Work to complete » Your answer must be an exact copy of the records below.

Records from a collection:
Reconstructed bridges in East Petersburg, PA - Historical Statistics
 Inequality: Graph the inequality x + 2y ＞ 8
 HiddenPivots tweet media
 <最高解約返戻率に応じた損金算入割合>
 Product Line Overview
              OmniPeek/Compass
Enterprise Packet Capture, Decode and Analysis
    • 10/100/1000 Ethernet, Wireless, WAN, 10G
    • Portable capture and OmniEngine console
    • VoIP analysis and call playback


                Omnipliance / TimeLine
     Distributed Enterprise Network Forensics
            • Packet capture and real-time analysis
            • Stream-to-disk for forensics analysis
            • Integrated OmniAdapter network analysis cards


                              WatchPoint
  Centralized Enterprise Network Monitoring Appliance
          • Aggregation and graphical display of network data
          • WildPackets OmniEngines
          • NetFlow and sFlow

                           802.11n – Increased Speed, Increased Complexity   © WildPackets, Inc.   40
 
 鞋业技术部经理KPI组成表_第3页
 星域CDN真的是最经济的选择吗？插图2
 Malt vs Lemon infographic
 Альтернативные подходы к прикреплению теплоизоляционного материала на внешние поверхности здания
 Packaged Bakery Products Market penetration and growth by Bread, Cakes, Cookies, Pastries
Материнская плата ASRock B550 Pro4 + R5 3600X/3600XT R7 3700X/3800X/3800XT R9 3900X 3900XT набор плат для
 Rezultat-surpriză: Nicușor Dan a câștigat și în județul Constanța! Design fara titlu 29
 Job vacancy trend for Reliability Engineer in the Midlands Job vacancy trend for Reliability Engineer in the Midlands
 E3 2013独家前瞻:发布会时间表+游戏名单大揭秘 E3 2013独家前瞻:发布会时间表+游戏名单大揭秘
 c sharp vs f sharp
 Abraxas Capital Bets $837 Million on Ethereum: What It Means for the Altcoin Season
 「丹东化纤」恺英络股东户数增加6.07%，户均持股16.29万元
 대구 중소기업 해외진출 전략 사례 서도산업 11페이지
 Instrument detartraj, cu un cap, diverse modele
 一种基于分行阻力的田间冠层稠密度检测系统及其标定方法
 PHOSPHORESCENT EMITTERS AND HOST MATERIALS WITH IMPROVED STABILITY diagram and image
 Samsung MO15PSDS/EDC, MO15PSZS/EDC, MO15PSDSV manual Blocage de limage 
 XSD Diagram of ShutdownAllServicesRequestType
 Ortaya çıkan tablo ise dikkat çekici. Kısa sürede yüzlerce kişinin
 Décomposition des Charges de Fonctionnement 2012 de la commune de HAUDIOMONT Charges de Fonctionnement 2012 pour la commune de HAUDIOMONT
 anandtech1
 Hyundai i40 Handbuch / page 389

Output of the exercise »
Reconstructed bridges in East Petersburg, PA - Historical Statistics
 Inequality: Graph the inequality x + 2y ＞ 8
 HiddenPivots tweet media
 <最高解約返戻率に応じた損金算入割合>
 Product Line Overview
              OmniPeek/Compass
Enterprise Packet Capture, Decode and Analysis
    • 10/100/1000 Ethernet, Wireless, WAN, 10G
    • Portable capture and OmniEngine console
    • VoIP analysis and call playback


                Omnipliance / TimeLine
     Distributed Enterprise Network Forensics
            • Packet capture and real-time analysis
            • Stream-to-disk for forensics analysis
            • Integrated OmniAdapter network analysis cards


                              WatchPoint
  Centralized Enterprise Network Monitoring Appliance
          • Aggregation and graphical display of network data
          • WildPackets OmniEngines
          • NetFlow and sFlow

                           802.11n – Increased Speed, Increased Complexity   © WildPackets, Inc.   40
 
 鞋业技术部经理KPI组成表_第3页
 星域CDN真的是最经济的选择吗？插图2
 Malt vs Lemon infographic
 Альтернативные подходы к прикреплению теплоизоляционного материала на внешние поверхности здания
 Packaged Bakery Products Market penetration and growth by Bread, Cakes, Cookies, Pastries
Материнская плата ASRock B550 Pro4 + R5 3600X/3600XT R7 3700X/3800X/3800XT R9 3900X 3900XT набор плат для
 Rezultat-surpriză: Nicușor Dan a câștigat și în județul Constanța! Design fara titlu 29
 Job vacancy trend for Reliability Engineer in the Midlands Job vacancy trend for Reliability Engineer in the Midlands
 E3 2013独家前瞻:发布会时间表+游戏名单大揭秘 E3 2013独家前瞻:发布会时间表+游戏名单大揭秘
 c sharp vs f sharp
 Abraxas Capital Bets $837 Million on Ethereum: What It Means for the Altcoin Season
 「丹东化纤」恺英络股东户数增加6.07%，户均持股16.29万元
 대구 중소기업 해외진출 전략 사례 서도산업 11페이지
 Instrument detartraj, cu un cap, diverse modele
 一种基于分行阻力的田间冠层稠密度检测系统及其标定方法
 PHOSPHORESCENT EMITTERS AND HOST MATERIALS WITH IMPROVED STABILITY diagram and image
 Samsung MO15PSDS/EDC, MO15PSZS/EDC, MO15PSDSV manual Blocage de limage 
 XSD Diagram of ShutdownAllServicesRequestType
 Ortaya çıkan tablo ise dikkat çekici. Kısa sürede yüzlerce kişinin
 Décomposition des Charges de Fonctionnement 2012 de la commune de HAUDIOMONT Charges de Fonctionnement 2012 pour la commune de HAUDIOMONT
 anandtech1
 Hyundai i40 Handbuch / page 389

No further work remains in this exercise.